> **Excerpted records**:
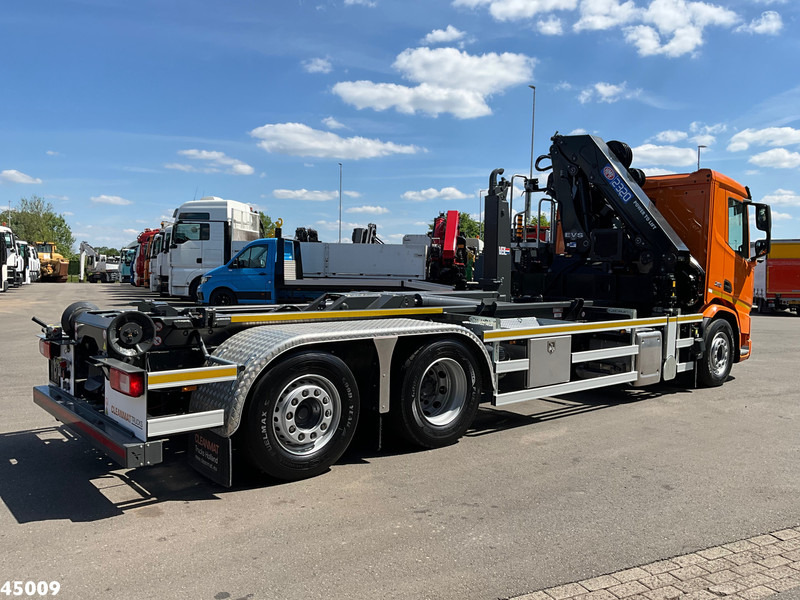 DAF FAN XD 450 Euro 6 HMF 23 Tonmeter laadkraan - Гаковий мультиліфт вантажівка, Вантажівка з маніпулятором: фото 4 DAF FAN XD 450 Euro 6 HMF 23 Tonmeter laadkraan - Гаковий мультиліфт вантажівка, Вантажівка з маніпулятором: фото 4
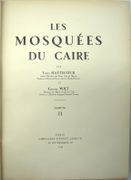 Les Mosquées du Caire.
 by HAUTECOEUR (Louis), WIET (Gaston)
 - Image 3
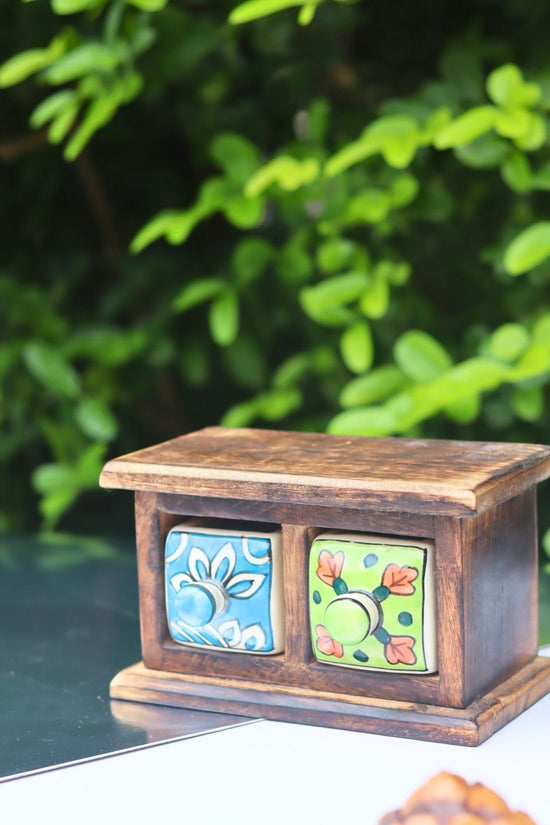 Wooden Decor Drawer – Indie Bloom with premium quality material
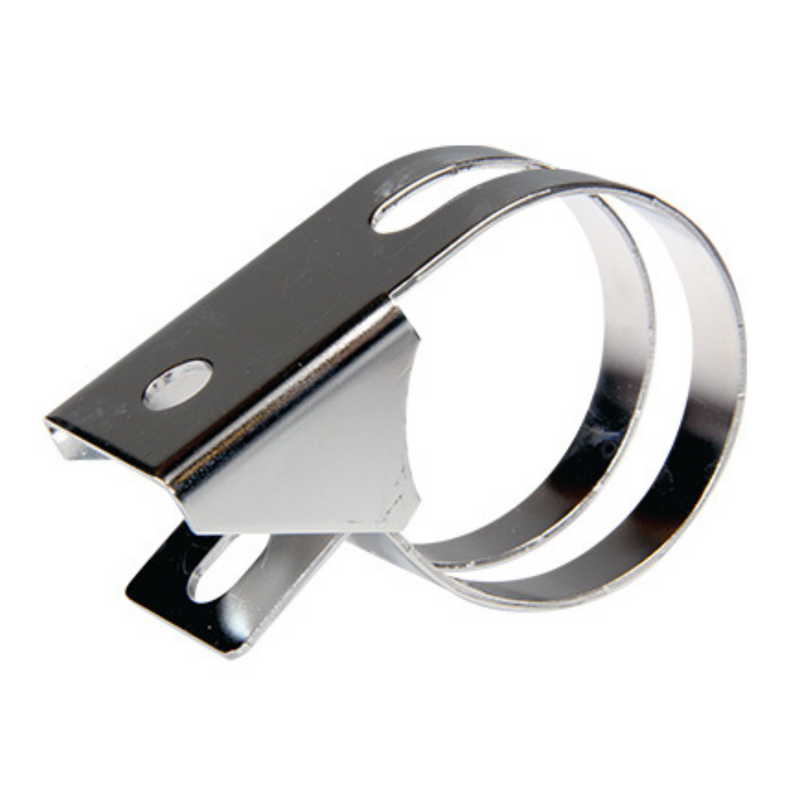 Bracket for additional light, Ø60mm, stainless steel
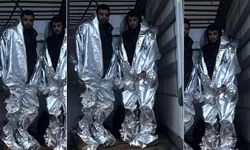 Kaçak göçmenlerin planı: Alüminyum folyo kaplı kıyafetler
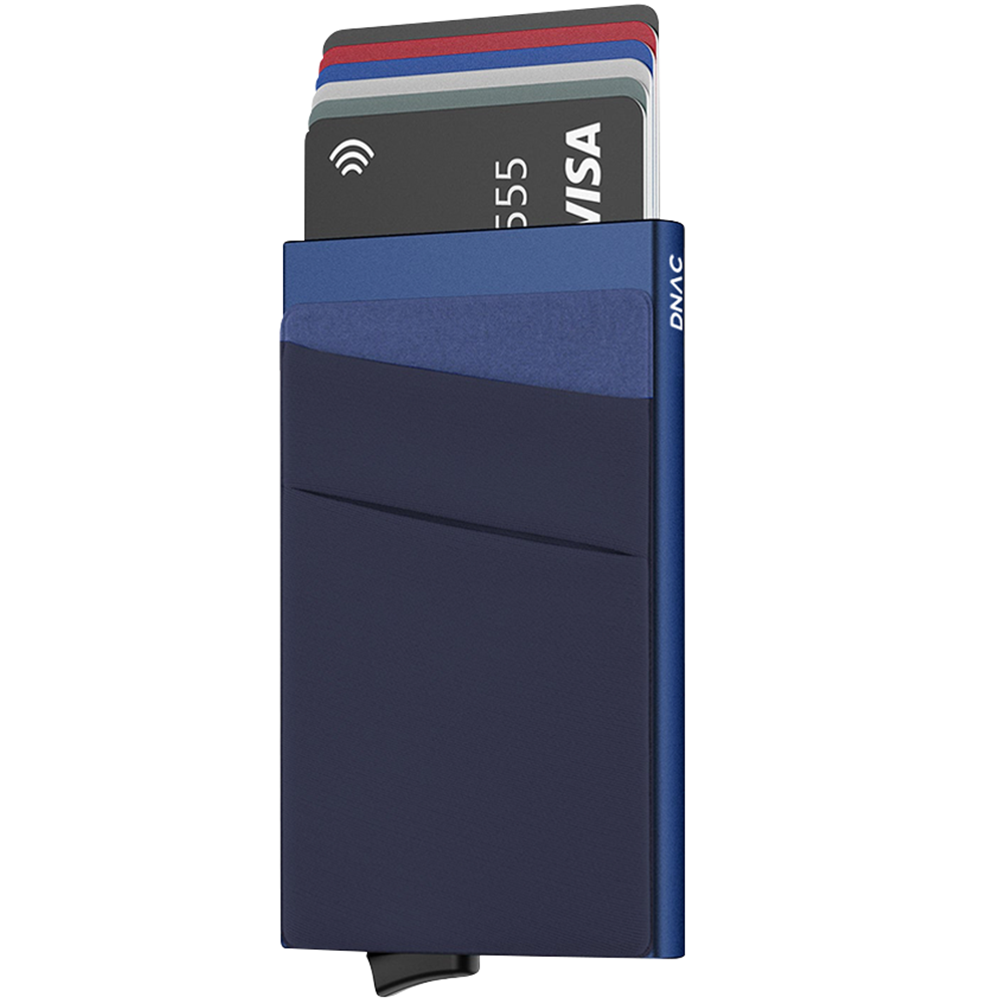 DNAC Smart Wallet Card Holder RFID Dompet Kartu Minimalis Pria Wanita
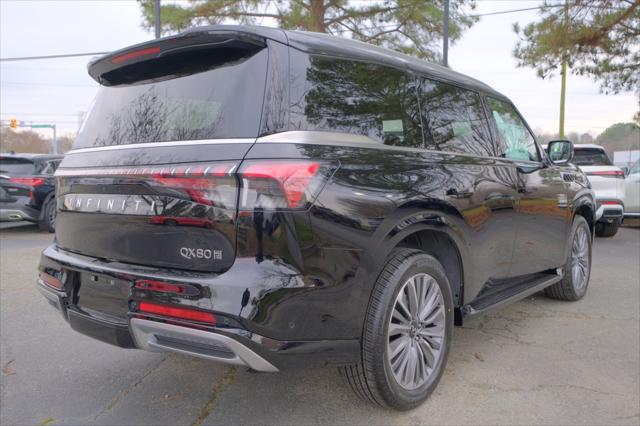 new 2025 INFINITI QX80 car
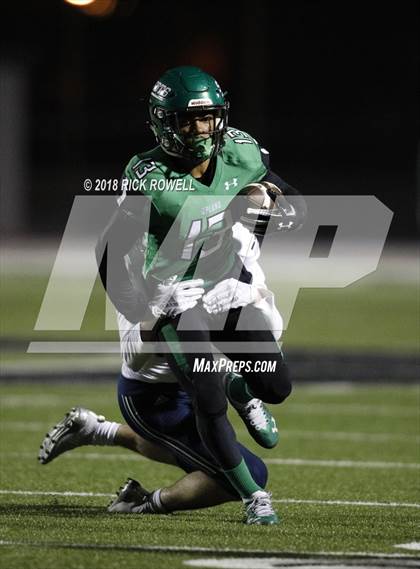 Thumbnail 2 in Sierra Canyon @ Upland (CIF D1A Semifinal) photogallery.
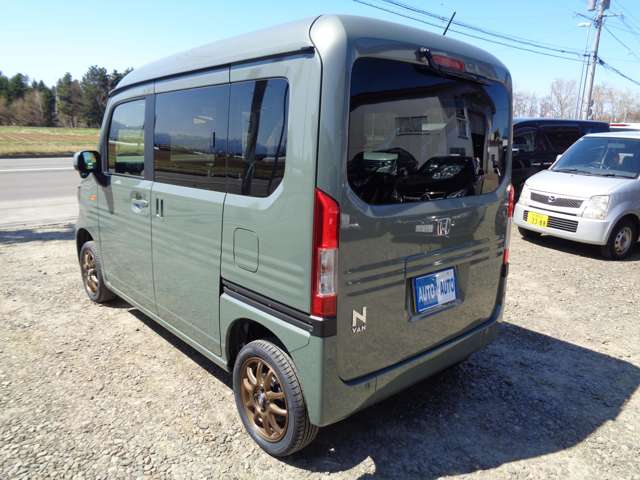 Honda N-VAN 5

> **What this task involves**: Beginning with the line that contains "Les Mosquées du Caire." and ending with the final line of the material, reproduce those lines exactly and nothing else. Omit the pictures.

> **Written answer**:
 Les Mosquées du Caire.
 by HAUTECOEUR (Louis), WIET (Gaston)
 - Image 3
 Wooden Decor Drawer – Indie Bloom with premium quality material
 Bracket for additional light, Ø60mm, stainless steel
 Kaçak göçmenlerin planı: Alüminyum folyo kaplı kıyafetler
 DNAC Smart Wallet Card Holder RFID Dompet Kartu Minimalis Pria Wanita
 new 2025 INFINITI QX80 car
 Thumbnail 2 in Sierra Canyon @ Upland (CIF D1A Semifinal) photogallery.
 Honda N-VAN 5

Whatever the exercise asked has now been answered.